(MATERIALS PROVIDED)

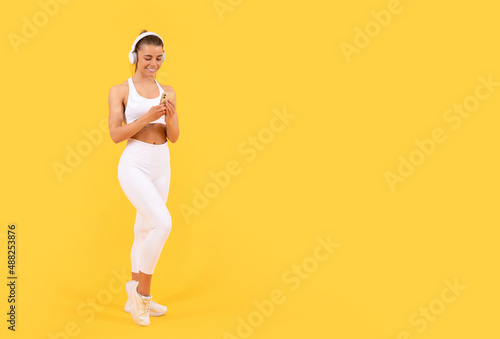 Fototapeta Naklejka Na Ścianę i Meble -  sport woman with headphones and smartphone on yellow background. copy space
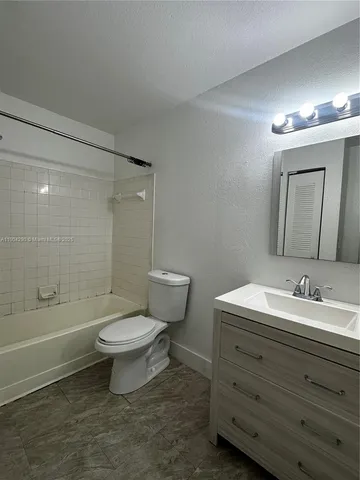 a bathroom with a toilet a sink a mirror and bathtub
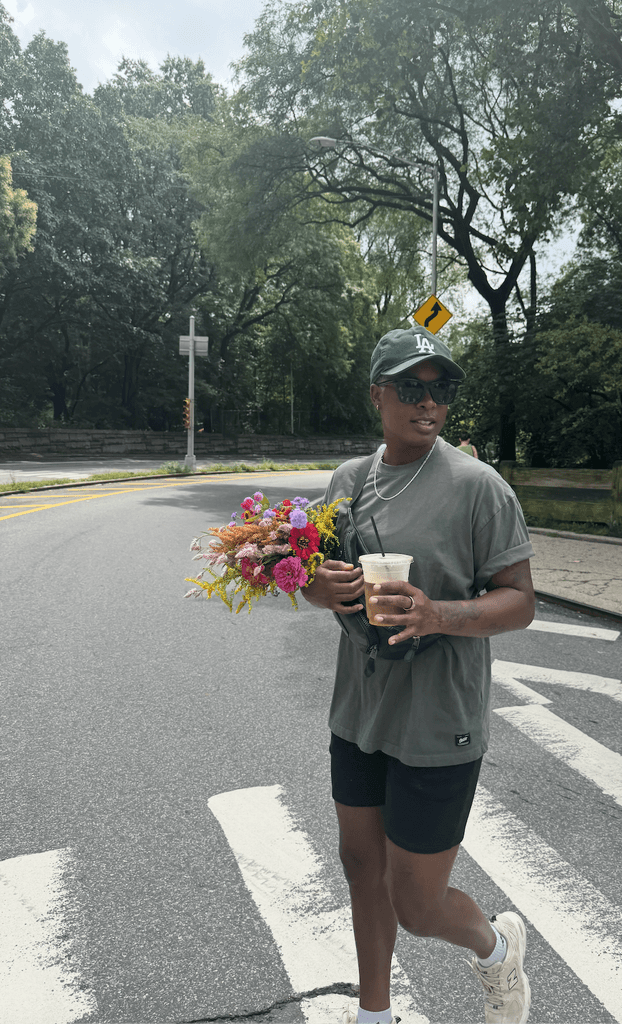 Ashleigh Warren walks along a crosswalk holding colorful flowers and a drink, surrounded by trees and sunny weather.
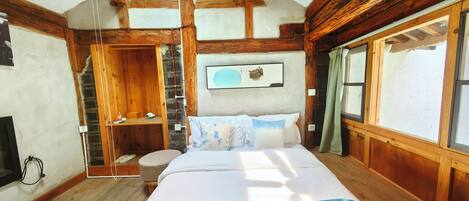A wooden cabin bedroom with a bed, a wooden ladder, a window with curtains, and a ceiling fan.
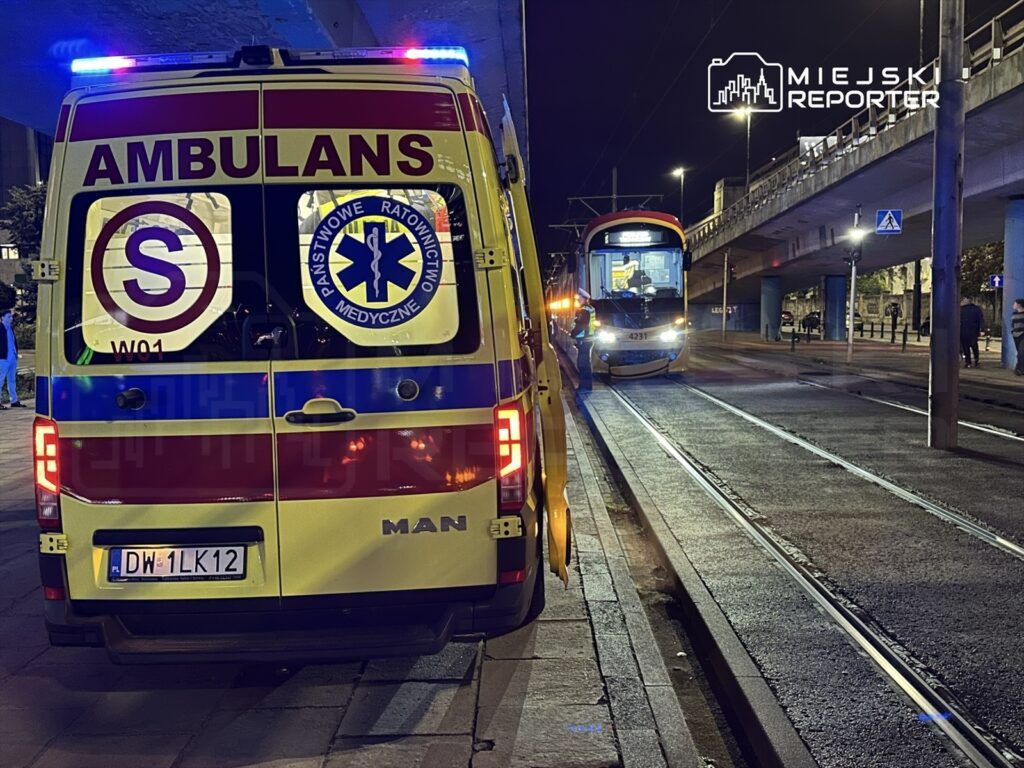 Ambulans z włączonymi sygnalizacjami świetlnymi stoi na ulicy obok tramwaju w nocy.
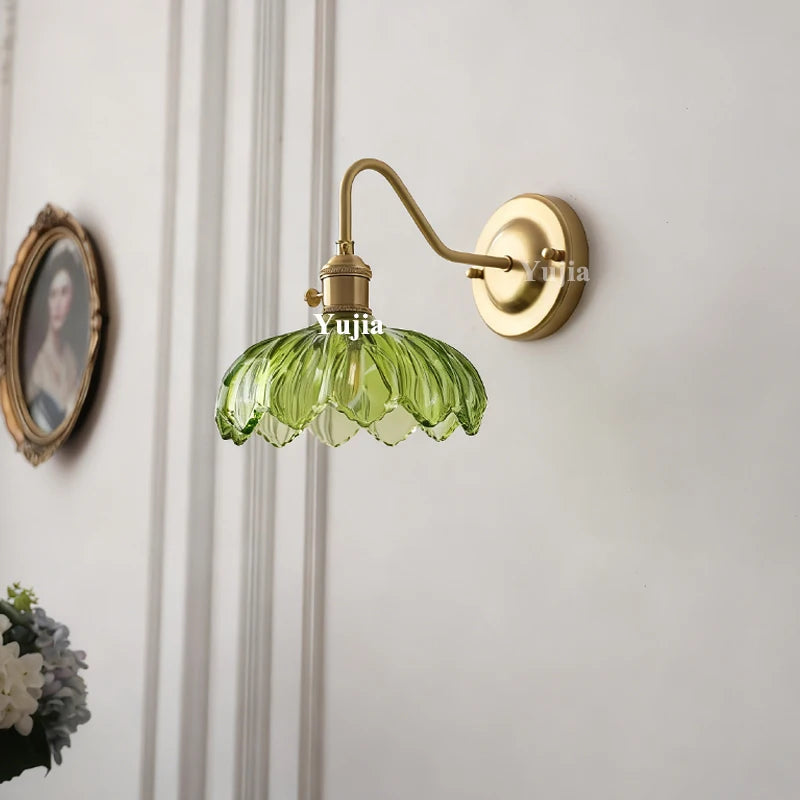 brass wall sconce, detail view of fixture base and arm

(End MATERIALS PROVIDED)

**TASK REQUIREMENTS**: Hand back every line of the material, exactly, without the pictures.

**EXERCISE SOLUTION**:
 Fototapeta Naklejka Na Ścianę i Meble -  sport woman with headphones and smartphone on yellow background. copy space
 a bathroom with a toilet a sink a mirror and bathtub
 Ashleigh Warren walks along a crosswalk holding colorful flowers and a drink, surrounded by trees and sunny weather.
A wooden cabin bedroom with a bed, a wooden ladder, a window with curtains, and a ceiling fan.
 Ambulans z włączonymi sygnalizacjami świetlnymi stoi na ulicy obok tramwaju w nocy.
 brass wall sconce, detail view of fixture base and arm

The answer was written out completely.